Penegakan hukum di Indonesia masih menghadapi tantangan besar, terutama akibat intervensi politik yang kerap membelokkan proses keadilan demi kepentingan kekuasaan.
Oleh: Imam Trikarsohadi
(Dewan Pakat Pusat Kajian Manajemen Strategik)
TIM penyidik Komisi Pemberantasan Korupsi (KPK) menyematkan rompi jingga bertuliskan “Tahanan KPK” kepada Sekretaris Jenderal PDI Perjuangan Hasto Kristiyanto atas perannya dalam perkara dugaan suap pengurusan pergantian antarwaktu (PAW) anggota DPR dan perintangan penyidikan, Kamis sore,20 Pebruari 2025.

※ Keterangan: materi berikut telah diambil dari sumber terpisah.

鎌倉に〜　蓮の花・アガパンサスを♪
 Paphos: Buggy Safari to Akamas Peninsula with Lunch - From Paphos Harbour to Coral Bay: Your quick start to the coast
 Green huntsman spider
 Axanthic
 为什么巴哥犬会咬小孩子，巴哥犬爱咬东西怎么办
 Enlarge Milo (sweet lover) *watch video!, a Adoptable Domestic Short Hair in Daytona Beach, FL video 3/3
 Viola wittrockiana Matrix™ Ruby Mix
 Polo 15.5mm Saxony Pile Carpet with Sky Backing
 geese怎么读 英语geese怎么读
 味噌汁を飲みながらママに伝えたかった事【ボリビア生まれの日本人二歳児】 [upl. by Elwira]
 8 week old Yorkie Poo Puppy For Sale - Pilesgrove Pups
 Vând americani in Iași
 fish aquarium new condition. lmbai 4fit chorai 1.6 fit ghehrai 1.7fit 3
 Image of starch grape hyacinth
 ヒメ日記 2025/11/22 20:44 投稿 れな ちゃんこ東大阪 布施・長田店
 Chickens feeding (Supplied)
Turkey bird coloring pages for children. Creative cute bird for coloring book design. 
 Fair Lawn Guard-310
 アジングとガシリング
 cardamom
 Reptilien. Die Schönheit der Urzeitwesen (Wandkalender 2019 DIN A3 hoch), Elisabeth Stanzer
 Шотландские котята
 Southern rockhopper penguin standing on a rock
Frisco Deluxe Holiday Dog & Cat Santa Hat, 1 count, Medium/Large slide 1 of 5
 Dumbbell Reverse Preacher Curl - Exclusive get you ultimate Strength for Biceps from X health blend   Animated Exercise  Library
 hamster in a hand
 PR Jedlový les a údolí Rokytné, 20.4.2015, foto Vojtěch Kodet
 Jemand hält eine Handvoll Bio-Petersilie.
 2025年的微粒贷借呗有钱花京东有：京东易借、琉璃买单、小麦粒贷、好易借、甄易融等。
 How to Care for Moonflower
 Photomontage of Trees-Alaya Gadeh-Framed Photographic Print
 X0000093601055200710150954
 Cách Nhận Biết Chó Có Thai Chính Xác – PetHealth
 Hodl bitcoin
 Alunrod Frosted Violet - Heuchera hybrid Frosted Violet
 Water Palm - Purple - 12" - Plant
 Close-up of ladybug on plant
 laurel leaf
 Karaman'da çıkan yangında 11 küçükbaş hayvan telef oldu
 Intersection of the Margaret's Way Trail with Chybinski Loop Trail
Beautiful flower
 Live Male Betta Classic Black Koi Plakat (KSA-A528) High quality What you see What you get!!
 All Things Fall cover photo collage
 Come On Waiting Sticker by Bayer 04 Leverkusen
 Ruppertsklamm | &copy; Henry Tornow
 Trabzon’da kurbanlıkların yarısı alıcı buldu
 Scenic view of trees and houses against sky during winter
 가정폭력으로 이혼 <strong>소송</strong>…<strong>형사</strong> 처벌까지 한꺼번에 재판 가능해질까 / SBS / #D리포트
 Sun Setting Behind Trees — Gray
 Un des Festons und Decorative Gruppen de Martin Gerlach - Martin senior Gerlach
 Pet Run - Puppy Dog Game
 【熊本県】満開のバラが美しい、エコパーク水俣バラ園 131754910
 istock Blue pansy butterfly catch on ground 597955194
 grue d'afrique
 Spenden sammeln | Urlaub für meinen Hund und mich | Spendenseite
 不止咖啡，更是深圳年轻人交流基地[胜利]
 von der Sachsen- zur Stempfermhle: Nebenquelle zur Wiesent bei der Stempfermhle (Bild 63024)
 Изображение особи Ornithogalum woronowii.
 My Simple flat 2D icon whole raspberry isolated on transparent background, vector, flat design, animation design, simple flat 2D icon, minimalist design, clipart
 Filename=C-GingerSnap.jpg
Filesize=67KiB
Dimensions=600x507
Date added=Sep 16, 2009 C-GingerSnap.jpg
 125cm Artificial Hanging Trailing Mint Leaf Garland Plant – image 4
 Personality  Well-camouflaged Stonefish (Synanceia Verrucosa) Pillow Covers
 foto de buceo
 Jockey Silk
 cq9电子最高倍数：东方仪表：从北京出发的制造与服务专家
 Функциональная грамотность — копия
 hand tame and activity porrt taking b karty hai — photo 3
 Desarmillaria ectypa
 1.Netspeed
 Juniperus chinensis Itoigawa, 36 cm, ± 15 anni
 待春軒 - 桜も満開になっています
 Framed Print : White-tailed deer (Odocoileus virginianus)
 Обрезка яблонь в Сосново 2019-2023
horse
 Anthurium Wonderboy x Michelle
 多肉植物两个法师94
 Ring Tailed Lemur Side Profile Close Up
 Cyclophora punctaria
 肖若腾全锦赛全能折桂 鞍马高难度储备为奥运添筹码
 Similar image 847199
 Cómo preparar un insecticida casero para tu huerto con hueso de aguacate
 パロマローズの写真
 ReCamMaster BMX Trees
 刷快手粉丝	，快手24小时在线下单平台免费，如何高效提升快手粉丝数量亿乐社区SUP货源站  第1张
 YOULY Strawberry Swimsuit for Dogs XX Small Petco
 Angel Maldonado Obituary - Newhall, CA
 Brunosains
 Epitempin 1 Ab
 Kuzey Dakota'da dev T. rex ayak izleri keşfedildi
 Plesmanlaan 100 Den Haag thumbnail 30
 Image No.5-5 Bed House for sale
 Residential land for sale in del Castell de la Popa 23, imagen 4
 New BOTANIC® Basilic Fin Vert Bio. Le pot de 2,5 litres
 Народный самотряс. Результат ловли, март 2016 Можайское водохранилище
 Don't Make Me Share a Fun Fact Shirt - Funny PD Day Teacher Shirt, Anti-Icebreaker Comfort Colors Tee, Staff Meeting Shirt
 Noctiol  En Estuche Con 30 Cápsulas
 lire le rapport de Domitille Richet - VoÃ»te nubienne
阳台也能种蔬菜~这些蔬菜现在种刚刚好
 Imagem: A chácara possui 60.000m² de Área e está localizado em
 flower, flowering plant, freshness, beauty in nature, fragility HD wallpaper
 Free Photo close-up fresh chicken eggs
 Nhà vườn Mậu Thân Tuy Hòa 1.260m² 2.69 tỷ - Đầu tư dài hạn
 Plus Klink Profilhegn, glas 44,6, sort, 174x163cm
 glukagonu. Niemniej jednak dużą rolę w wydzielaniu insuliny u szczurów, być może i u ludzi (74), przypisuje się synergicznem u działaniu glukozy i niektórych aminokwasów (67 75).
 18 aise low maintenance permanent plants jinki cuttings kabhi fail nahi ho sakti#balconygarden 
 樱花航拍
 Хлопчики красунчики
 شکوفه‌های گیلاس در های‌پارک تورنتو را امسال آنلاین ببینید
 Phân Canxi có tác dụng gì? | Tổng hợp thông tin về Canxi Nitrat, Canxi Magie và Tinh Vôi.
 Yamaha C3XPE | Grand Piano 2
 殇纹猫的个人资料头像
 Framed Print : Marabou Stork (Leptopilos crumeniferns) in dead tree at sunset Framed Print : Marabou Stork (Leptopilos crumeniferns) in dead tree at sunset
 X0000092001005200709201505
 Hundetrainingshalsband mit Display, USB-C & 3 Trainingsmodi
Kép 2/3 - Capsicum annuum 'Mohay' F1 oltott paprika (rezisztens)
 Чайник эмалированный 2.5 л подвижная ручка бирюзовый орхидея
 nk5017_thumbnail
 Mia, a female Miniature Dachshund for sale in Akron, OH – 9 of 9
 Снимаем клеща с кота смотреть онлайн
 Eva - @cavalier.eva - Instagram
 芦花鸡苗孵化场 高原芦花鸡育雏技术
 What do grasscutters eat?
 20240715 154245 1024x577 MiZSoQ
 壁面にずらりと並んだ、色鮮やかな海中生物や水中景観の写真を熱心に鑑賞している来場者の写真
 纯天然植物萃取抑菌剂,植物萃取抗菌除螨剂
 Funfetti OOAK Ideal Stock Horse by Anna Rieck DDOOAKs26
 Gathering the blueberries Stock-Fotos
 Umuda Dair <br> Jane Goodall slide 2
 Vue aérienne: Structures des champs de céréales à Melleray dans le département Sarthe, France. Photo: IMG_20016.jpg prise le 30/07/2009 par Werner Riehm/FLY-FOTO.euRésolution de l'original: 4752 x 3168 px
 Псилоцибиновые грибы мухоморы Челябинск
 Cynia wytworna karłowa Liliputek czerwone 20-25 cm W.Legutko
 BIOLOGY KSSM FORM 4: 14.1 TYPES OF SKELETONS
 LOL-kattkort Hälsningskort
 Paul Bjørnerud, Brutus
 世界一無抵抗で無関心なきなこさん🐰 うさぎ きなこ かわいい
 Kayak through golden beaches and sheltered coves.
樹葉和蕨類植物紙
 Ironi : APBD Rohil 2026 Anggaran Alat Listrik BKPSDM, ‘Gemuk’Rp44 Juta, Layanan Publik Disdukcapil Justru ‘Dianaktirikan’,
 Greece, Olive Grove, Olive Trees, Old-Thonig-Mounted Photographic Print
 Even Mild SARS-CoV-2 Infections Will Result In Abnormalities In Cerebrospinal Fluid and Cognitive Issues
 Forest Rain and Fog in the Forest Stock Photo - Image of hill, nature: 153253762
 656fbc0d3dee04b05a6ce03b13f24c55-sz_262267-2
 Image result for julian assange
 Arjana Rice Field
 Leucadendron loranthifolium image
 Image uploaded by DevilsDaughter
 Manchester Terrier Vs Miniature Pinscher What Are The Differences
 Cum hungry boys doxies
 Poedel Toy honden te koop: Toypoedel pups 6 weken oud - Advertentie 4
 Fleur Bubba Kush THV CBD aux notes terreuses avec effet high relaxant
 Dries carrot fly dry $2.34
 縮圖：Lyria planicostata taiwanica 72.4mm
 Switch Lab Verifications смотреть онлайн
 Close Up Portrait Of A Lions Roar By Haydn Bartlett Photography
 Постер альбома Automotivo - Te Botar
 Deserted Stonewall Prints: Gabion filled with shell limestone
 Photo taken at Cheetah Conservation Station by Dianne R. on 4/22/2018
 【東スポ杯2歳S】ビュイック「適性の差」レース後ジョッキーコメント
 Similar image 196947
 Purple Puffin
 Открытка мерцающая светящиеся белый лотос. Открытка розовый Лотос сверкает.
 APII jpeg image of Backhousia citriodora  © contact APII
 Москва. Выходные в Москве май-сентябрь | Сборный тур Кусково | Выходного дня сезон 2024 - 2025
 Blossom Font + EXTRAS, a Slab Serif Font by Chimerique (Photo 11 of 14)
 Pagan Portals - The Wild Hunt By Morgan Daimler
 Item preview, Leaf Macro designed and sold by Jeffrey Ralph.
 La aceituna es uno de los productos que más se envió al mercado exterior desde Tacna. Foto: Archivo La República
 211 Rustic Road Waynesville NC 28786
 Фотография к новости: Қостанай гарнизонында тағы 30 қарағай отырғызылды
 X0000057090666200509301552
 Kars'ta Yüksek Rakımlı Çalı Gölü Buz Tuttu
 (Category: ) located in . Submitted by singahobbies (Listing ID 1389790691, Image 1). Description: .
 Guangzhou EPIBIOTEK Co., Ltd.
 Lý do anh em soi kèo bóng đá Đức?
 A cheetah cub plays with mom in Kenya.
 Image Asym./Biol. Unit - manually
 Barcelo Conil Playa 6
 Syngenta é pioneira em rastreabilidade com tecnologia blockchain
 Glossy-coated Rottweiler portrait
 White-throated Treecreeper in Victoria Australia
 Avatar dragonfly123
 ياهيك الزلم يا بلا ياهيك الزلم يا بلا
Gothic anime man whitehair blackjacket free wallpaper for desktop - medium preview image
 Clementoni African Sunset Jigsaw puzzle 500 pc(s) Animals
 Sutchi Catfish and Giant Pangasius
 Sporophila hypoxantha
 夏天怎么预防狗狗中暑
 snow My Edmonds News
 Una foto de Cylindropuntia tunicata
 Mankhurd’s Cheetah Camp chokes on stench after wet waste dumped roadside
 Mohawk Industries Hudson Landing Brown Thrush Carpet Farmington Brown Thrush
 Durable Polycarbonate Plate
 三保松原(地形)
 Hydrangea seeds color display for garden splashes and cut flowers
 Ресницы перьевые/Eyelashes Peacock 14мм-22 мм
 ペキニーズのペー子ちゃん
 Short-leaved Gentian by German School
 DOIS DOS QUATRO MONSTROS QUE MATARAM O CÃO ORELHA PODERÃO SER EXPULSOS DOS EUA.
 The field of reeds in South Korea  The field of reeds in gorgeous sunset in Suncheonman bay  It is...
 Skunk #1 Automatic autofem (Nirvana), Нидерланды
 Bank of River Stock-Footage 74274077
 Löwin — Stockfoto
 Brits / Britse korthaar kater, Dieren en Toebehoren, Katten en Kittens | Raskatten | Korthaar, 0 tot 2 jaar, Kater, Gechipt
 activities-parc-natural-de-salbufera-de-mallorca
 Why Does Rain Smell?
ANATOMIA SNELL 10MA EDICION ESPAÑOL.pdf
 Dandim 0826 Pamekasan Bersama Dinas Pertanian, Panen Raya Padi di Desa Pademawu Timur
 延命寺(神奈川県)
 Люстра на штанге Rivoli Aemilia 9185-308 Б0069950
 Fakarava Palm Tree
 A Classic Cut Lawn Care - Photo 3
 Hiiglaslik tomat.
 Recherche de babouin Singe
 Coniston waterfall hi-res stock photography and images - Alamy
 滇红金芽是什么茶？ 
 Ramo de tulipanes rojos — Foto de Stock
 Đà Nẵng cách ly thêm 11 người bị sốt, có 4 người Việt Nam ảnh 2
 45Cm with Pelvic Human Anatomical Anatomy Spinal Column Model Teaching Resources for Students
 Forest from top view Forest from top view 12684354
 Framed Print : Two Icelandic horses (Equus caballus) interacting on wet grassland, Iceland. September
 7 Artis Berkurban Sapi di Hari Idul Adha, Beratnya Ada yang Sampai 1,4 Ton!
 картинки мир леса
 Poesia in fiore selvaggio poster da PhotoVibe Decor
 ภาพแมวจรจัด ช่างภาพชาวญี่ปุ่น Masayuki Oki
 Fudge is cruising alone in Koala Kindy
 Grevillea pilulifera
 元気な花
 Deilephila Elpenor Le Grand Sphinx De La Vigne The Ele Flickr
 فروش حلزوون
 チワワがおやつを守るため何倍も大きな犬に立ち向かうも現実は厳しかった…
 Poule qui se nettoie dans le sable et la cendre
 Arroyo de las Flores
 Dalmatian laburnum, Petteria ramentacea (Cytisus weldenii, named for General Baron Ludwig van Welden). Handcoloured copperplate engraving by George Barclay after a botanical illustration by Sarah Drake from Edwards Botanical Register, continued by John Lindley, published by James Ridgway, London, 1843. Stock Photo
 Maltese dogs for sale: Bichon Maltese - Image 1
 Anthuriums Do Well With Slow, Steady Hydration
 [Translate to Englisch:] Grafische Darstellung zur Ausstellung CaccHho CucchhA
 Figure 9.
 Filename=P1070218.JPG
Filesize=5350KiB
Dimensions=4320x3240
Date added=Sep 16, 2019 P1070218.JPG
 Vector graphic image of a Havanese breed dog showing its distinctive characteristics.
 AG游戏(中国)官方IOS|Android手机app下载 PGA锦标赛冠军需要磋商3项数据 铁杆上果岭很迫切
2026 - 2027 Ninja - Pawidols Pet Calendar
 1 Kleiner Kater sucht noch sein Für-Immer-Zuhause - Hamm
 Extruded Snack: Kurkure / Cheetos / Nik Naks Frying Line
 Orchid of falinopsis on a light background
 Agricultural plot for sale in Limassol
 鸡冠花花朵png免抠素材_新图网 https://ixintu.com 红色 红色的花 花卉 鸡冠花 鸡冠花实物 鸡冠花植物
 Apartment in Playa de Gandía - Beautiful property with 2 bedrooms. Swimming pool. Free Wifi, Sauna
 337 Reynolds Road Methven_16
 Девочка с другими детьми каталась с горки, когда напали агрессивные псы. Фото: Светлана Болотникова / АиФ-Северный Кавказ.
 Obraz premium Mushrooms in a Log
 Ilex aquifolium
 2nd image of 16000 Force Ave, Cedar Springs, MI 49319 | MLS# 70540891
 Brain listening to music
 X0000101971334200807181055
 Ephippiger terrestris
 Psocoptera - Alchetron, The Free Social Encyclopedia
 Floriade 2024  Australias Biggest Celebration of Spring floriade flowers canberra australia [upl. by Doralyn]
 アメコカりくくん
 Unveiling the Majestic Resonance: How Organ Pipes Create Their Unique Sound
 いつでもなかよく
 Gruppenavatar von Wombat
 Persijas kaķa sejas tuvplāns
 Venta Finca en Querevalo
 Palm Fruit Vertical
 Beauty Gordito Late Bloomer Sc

Untuk diketahui, akar miming ini telah ramai selama bertahun-tahun, untuk kemudian mengkerucut pada 24 Desember 2024 saat penyidik KPK menetapkan dua orang tersangka baru dalam rangkaian kasus Harun Masiku, yakni Sekretaris Jenderal PDI Perjuangan Hasto Kristiyanto (HK) dan advokat Donny Tri Istiqomah (DTI).
Saat itu, Ketua KPK Setyo Budiyanto mengungkapkan bahwa HK mengatur dan mengendalikan DTI untuk melobi anggota KPU Wahyu Setiawan agar dapat menetapkan Harun Masiku sebagai calon anggota DPR RI terpilih dari Dapil Sumsel I.
HK juga diketahui mengatur dan mengendalikan DTI untuk aktif mengambil dan mengantarkan uang suap untuk diserahkan kepada Wahyu Setiawan melalui Agustiani Tio Fridelina.
“HK bersama-sama dengan Harun Masiku, Saeful Bahri, dan DTI melakukan penyuapan terhadap Wahyu Setiawan dan Agustiani Tio Fridelina sebesar 19.000 dolar Singapura dan 38.350 dolar AS pada periode 16 Desember 2019 sampai dengan 23 Desember 2019 agar Harun Masiku dapat ditetapkan sebagai anggota DPR RI periode 2019—2024 dari Dapil Sumsel I,” ujar Setyo.
Menyikapi prahara ini, tentu kita menghormati proses hukum terhadap semua pihak yang diduga terkait tindak pidana selama penegakan hukumnya berjalan sesuai prinsip hukum yang semestinya (due process of law).
Meski kita juga tahu bahwa penegakan hukum terhadap kasus tindak pidana korupsi masih menghadapi tantangan besar, terutama dalam aspek kepastian hukum.
Pertanyaanya, adakah intervensi politik terhadapa kasus Hasto? Jawabnya tentu saja ada, karena penegakan hukum, apalagi menyangkut politisi, tak bebas dari intervensi politik. Konfigurasi politik suatu rezim sangat signifikan pengaruhnya terhadap produk hukum dan/ atau penegakan hukum.
Dalam teori, politik hukum adalah legal policy atau kebijakan resmi tentang hukum yang akan diberlakukan, baik dengan pembuatan hukum baru maupun dengan penggantian hukum yang lama, dalam rangka mencapai tujuan negara.
Pada kenyataanya, hal ini acapkali dipraktekan juga dalam penegakan hukum, tentu demi tujuan politik penguasa dan kelompoknya. Sebab itu penegakan akan terhambat jika yang berperkara sedang memegang kendali kekuasaan, tapi amat tajam menelikung jika tak berkuasa lagi.